Les Etats-Unis d’Amérique –
que l’on appelle souvent « Amérique » tout court – étaient au milieu du XXe
siècle un modèle pour le monde. Les Européens étaient dans l’après-guerre
pleins d’admiration et d’envie devant le mode de vie américain : réfrigérateur,
télévision, téléphone, automobiles, maison individuelle, jazz, films,
littérature…
Aujourd’hui la situation
est différente. La planète est menacée par l’effet de serre résultant de
l’excès de la consommation d’énergie d’origine fossile.
Les résidus de la consommation, les déchets de l’industrie s’accumulent. Les
décharges publiques ou sauvages se multiplient.
En 2025, la Terre comptera
7 milliards 900 millions d’êtres humains,
les Etats-Unis 351 millions. Si l’on généralisait à la population mondiale le
mode de vie américain (habitat dispersé, utilisation intensive de l’automobile,
forte consommation d’énergie), la planète étoufferait bientôt. L’« American Way
of Life » ne peut donc plus être proposée au monde comme un idéal.
Cependant les pays pauvres,
qui bien naturellement souhaitent accroître leur niveau de vie, ont l’Amérique pour
seul modèle, un modèle présenté de façon flatteuse par les médias qu’elle
domine.
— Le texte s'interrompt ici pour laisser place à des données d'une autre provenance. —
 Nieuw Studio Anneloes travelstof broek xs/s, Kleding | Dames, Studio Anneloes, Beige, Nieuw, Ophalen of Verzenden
Par ailleurs nous ne savons pas quel but donner à l’Europe : elle n’est
aujourd’hui qu’un Zollverein, un espace de libre échange administré par
une bureaucratie essoufflée. Elle manque d’idéal, de perspective.
Ne devrions-nous pas
demander à l'Europe de définir, mettre en œuvre, puis proposer au monde un mode
de vie compatible avec la survie de la planète ? Cela lui confèrerait une
perspective susceptible d’éveiller, de mobiliser nos énergies.
L’Europe n’est certainement
pas plus vertueuse que l’Amérique
à qui elle n'a pas de leçons à donner en matière d'humanisme. Mais elle est dans
le monde, grâce à sa richesse, la mieux placée pour élaborer un autre modèle.
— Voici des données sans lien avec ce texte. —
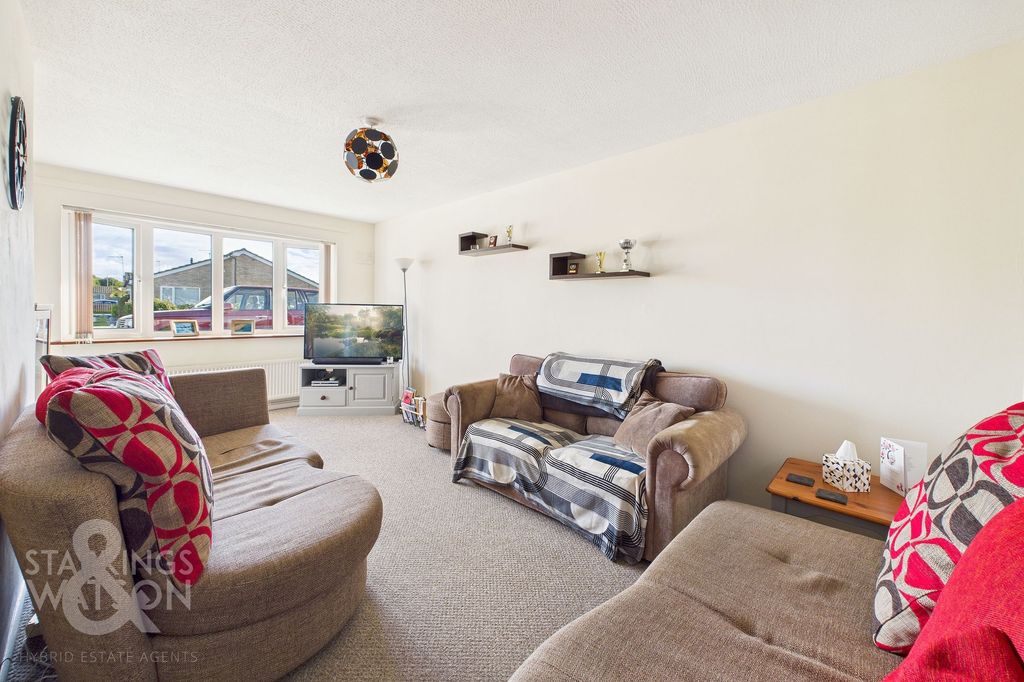 Property photo 2 of 25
Cela lui donne une responsabilité à laquelle nous ne pouvons pas nous dérober.
Cette
ambition est réaliste : il est matériellement possible de définir ce mode
de vie. Est-ce possible aux plans culturel, sociologique, psychologique ? Cela
dépend de notre discernement et de notre volonté : nous sommes à un
carrefour qui nous impose de choisir entre la civilisation et la barbarie.
Construire une
civilisation
Car il s’agit non seulement
de définir un mode de vie mais de construire une civilisation, en entendant par
ce terme l’édifice qui, à la prospérité économique, ajoute l’élucidation des
valeurs sans laquelle l’énergie des personnes se dissipe en conflits intimes
et disputes stériles.
Or construire une
civilisation, c’est la tâche d’un Empire. Certes ce mot a des connotations
négatives : il est associé aux souvenirs désastreux de l’empire napoléonien et
du troisième Reich hitlérien, à l’esprit de conquête et de domination de
l’empire romain comme des empires coloniaux. Mais pensons à la Chine, à l’Égypte,
à l’empire carolingien enfin qui restaura la civilisation en Europe :
ce sont ces empires-là qu'il faut se donner en exemple.
L’Europe doit être un
empire non pas dominateur, mais porteur d’une civilisation qu’il proposera dans
le concert d’un monde multipolaire où les diverses cultures s'enrichissent
mutuellement.
La construction de l’Europe
a quelque chose d’inouï : un empire s'édifie sous nos yeux et en douceur, sans
guerre ni conquérant. Mais cet empire reste potentiel. Il ne pourra s'épanouir que si nous savons le vouloir. Cette construction si douce
risque en effet de produire un résultat douceâtre, sans relief ni personnalité –
alors, la violence restant la seule issue offerte aux forces de la société, nous
serions allés en douceur vers la barbarie.
* *
L’humanité ne pouvant pas survivre à l’application généralisée du modèle
américain, il faut en élaborer un autre et lui conférer un prestige médiatique au moins
aussi puissant que celui dont bénéficie aujourd’hui le modèle américain.
Par ailleurs la
construction européenne ne peut pas rester l’affaire des économistes, hommes
d’affaire et administrateurs : pour qu’elle prenne corps, il faut que la
personnalité de l’Europe déploie un rayonnement symbolique, parle à notre
affectivité, présente à l’horizon de notre action un projet qui focalise et nos désirs, et notre énergie.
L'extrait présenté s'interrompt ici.